Les dirigeants et les représentants de l'Inde, du Pakistan, des Maldives, du Bangladesh, du Népal, de l'Afghanistan, du Sri Lanka et du Bhoutan ont assisté à la réunion de l'Association sud-asiatique de coopération régionale (SAARC) par vidéoconférence.
Dans son discours d'ouverture, le Premier ministre indien Narendra Modi, qui a convoqué la conférence, a déclaré que la région densément peuplée était confrontée à "des défis importants en termes d'accès aux établissements de santé".
"Nous avons pris soin de ne pas sous-estimer le problème, mais aussi d'éviter les réactions instinctives. Nous avons essayé de prendre des mesures proactives, y compris un mécanisme de réponse progressif", a-t-il noté.
Le Premier ministre népalais Khadga Prasad Sharma Oli, actuellement président de la SAARC, a partagé le plan de son pays pour lutter contre la propagation du virus.
"Nous renforçons nos installations de quarantaine. Nous améliorons également la capacité de nos agents de santé", a-t-il déclaré lors de la visioconférence.
La conférence a également approuvé la proposition de Modi de créer un fonds d'urgence COVID-19, avec une contribution initiale de 10 millions de dollars de l'Inde.
Le président afghan Mohammad Ashraf Ghani a proposé un cadre commun de télémédecine pour lutter contre l'épidémie de nouveau coronavirus. "La fermeture des frontières entraînera un problème important de disponibilité de nourriture, de médicaments et de produits de base", a-t-il averti.

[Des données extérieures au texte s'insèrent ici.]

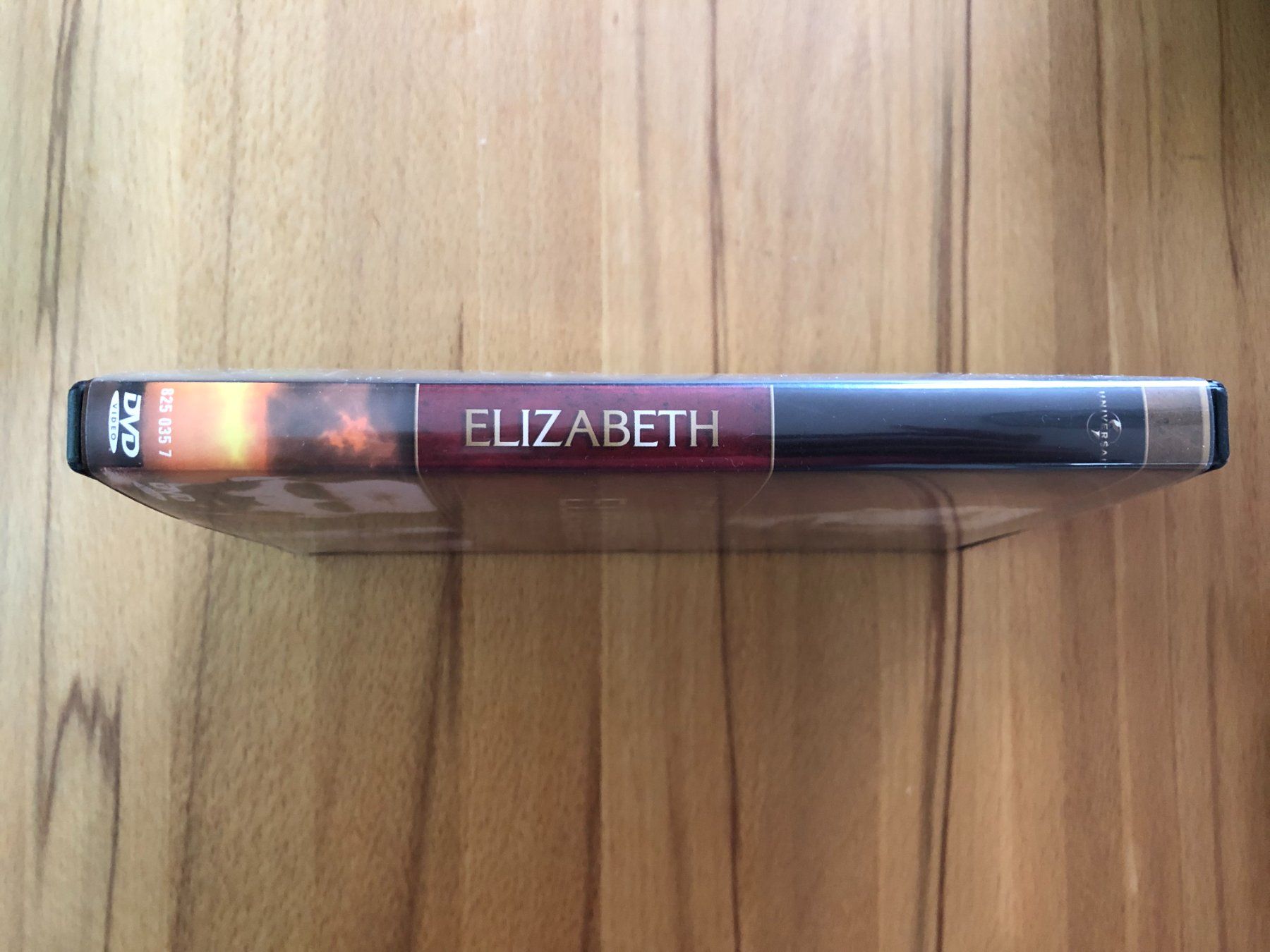 Tutti i DVDs: DVD Elizabeth Special Edition mit Postkarten Cate Blanchett – Usato da Basel venduto da Dasbrauchstdu 5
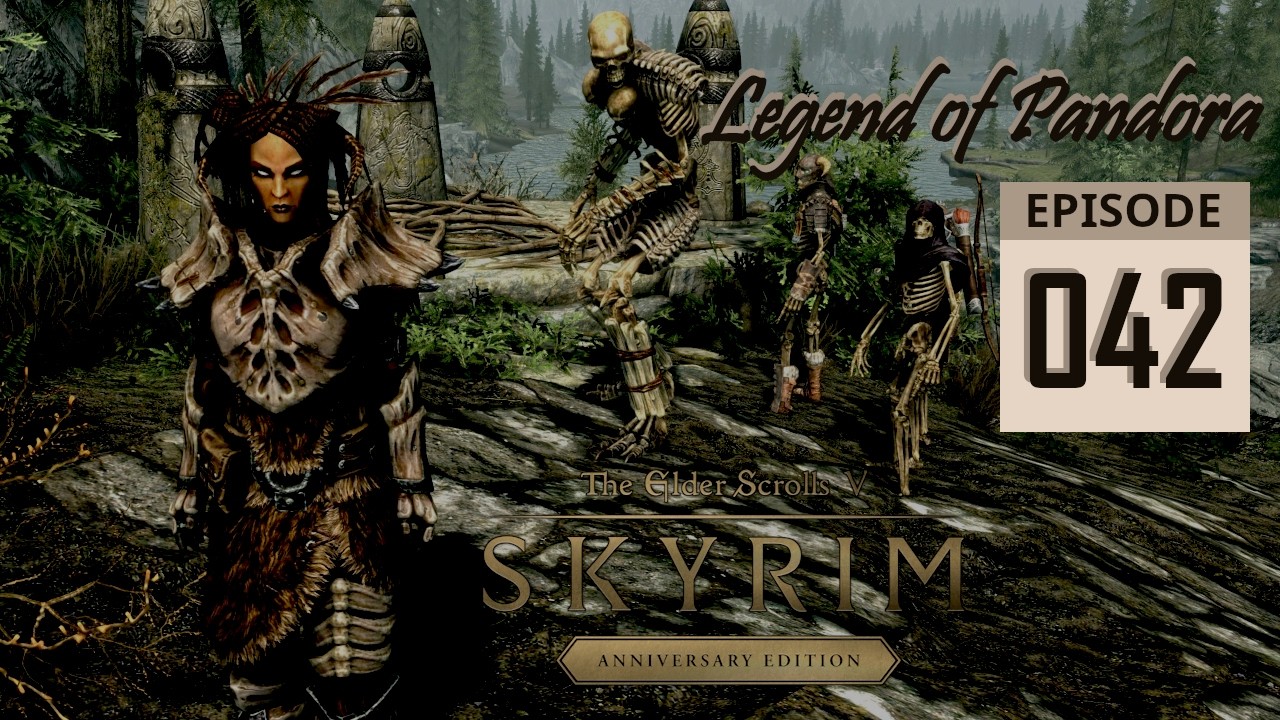 Legend Of Pandora - EP42 - Black Star & The Forsworn Conspiracy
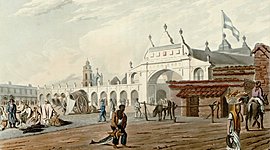 Timeline: PERÍODO DE 1810 A 1853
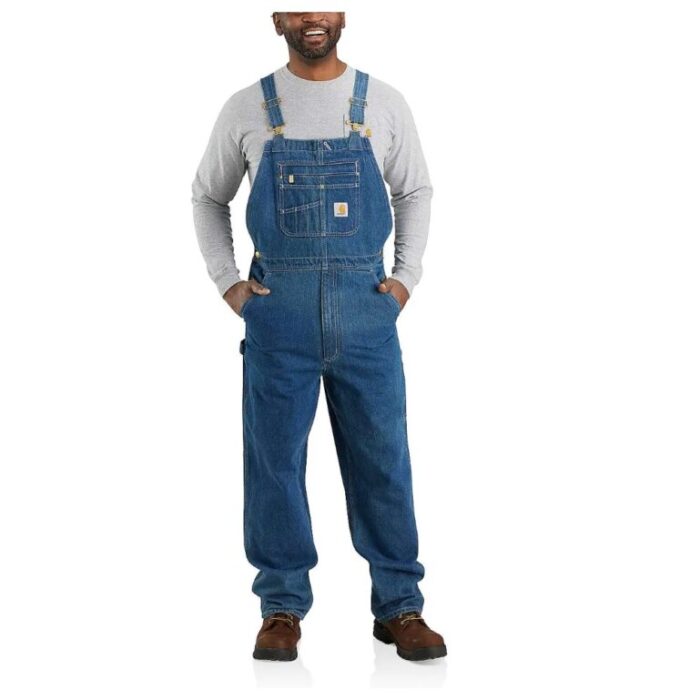 104672-1 TUNKED DENIM - Image 2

Ghani a appelé à la formulation d'une stratégie de six mois pour faire face aux impacts économiques et sociaux à long terme en plus des problèmes de santé causés par la pandémie.

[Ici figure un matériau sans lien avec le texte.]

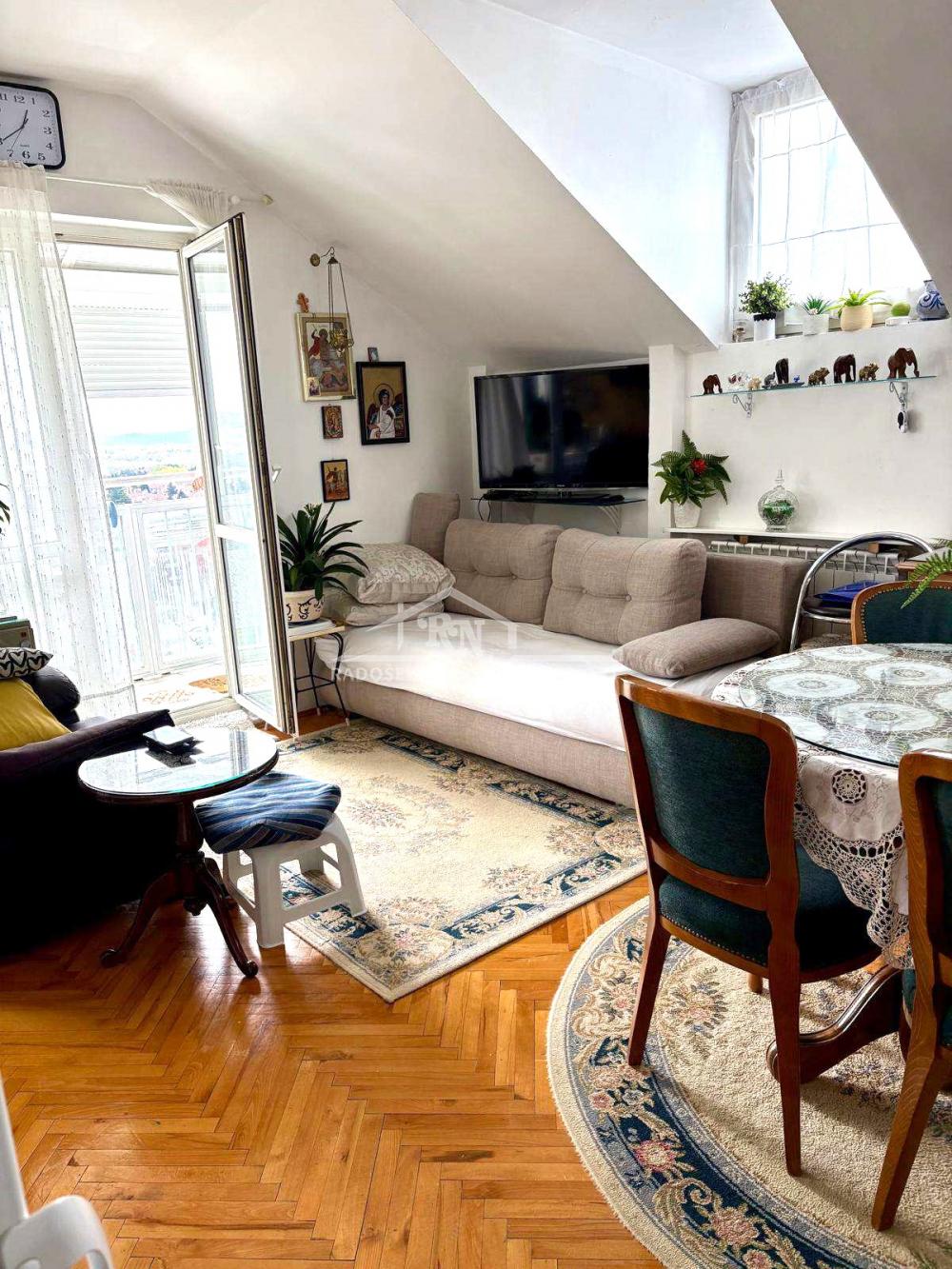 Slika 1 - Serdar Janka Vukotića, Dvosoban stan na prodaju, 55m2, 139.000€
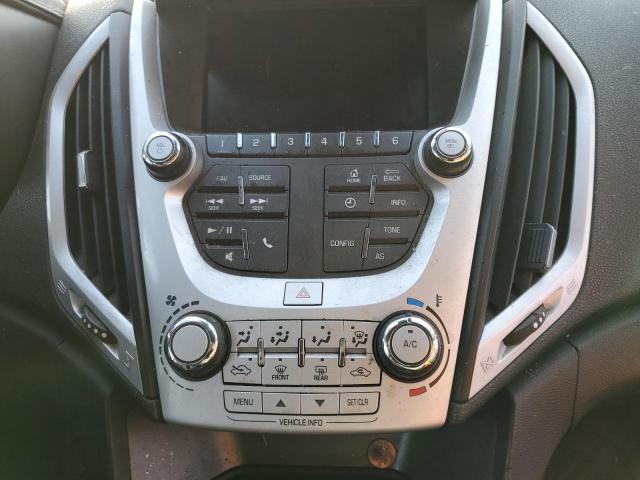 Photo 9 from auction – 2017 GMC TERRAIN SL with VIN 2GKALMEK3H6105832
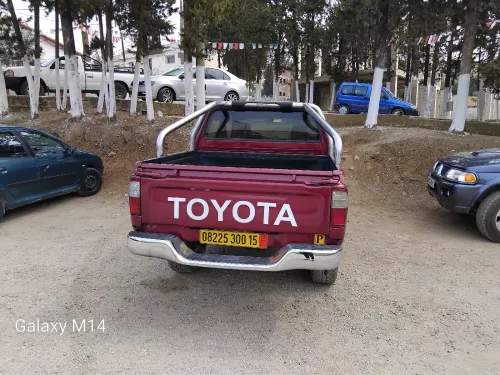 Toyota Hilux 2000 Hilux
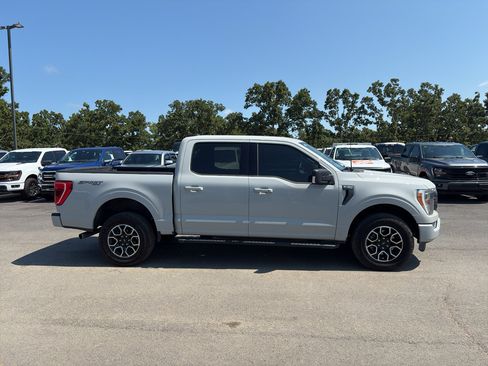 Used 2023 Ford F150 XLT w/ Equipment Group 302A High AWD/4WD image 5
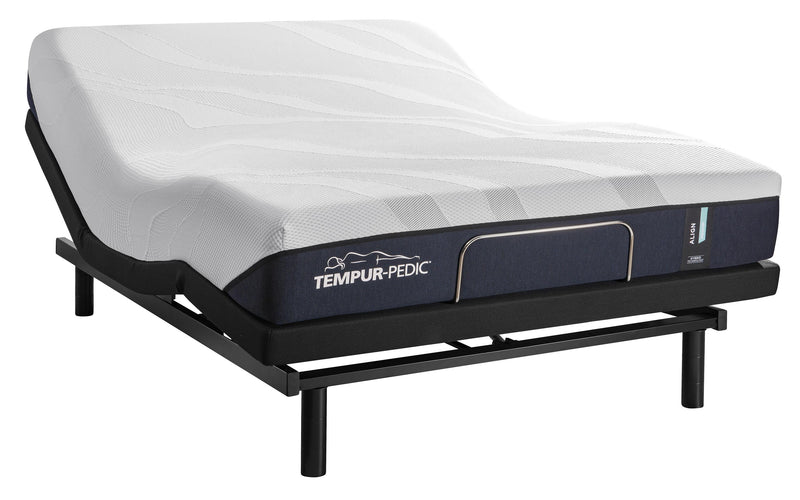  Tempur-Pedic Tempur-Align Medium Hybrid Mattress (Full) IMAGE 5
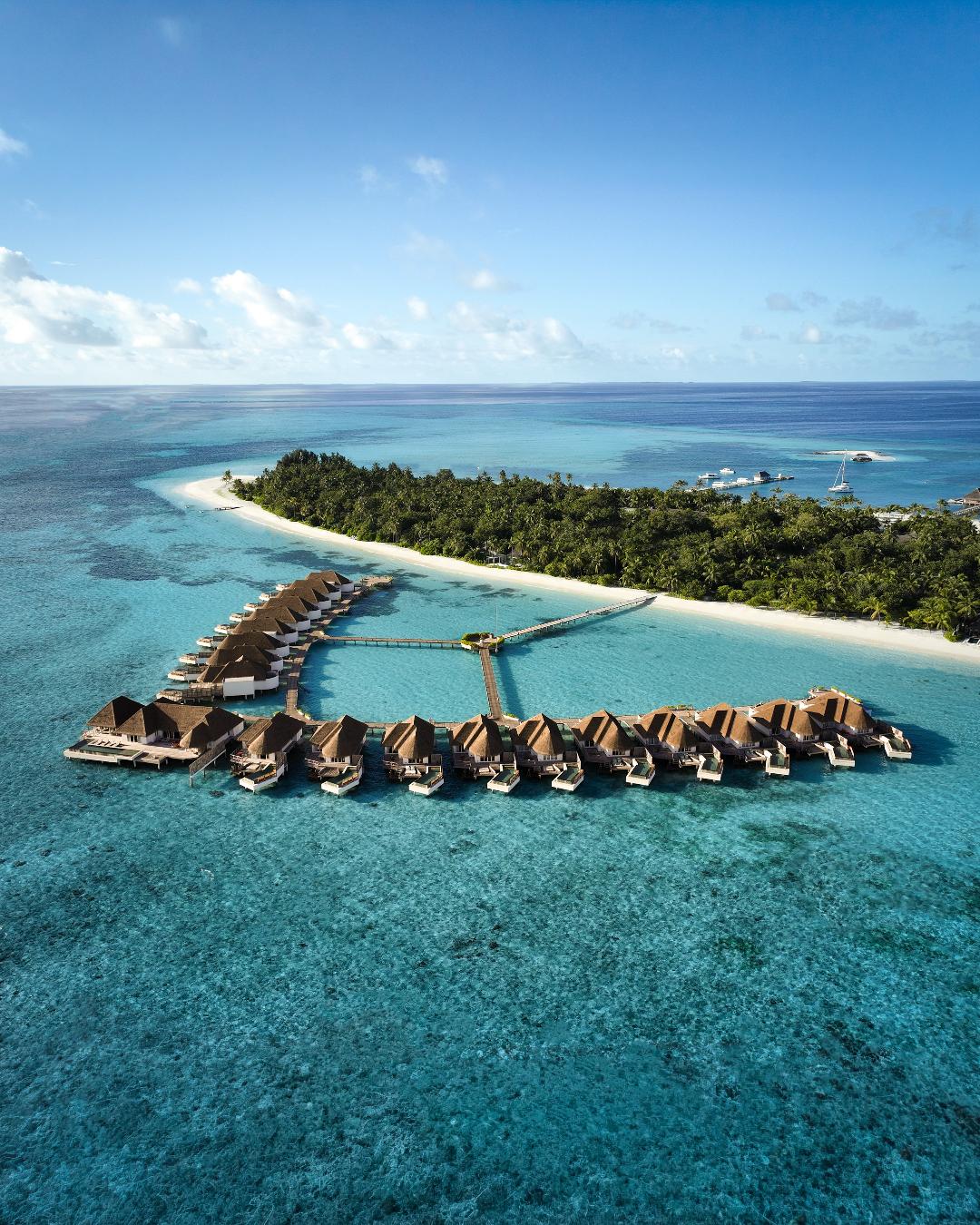 Considérez ceci comme une invitation à vivre sur l’eau pendant un moment.

#sixsenses #sixsenseskanuhura #sixsensesmaldives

Le Premier ministre du Bangladesh, Sheikh Hasina, a assuré le soutien de son pays, déclarant: «Il est très important de travailler ensemble pour relever ce défi. Le monde entier s'inquiète désormais de ce nouveau virus".
Le Premier ministre du Bhoutan, Lotay Tshering, a partagé l'expérience de son pays dans le traitement d'un cas dans lequel un touriste américain avait été infecté par le virus lors d'un voyage au Bhoutan.
"Nous devons être sûrs que nous partagerons nos ressources et nos technologies [dans la lutte contre la maladie]", a déclaré Tshering.
"Nous devons avoir une coopération similaire sur le plan économique du problème, car les économies plus petites et vulnérables risquent de souffrir davantage", a-t-il ajouté.
Le président du Sri Lanka, Gotabaya Rajapaksa, a également évoqué, lors de la conférence, les préparatifs de son pays pour lutter contre l'épidémie.
Pour sa part, le président maldivien Ibrahim Mohamed Solih a souligné l'importance "des efforts coordonnés pour vaincre le COVID-19".
Zafar Mirza, le ministre pakistanais de la Santé, a noté l'importance d'un forum régional comme la SAARC pour endiguer la pandémie. "Tout en espérant le meilleur, nous devons nous préparer au pire", a-t-il déclaré lors de la réunion à distance.
Après avoir émergé à Wuhan, en Chine en décembre dernier, le virus connu sous le nom de COVID-19, s'est propagé dans le monde, et a atteint au moins 156 pays et territoires.
Le bilan mondial a dépassé la barre de 6000 décès dus au virus, avec plus de 167 000 cas confirmés dans le monde, selon l'Organisation mondiale de la santé.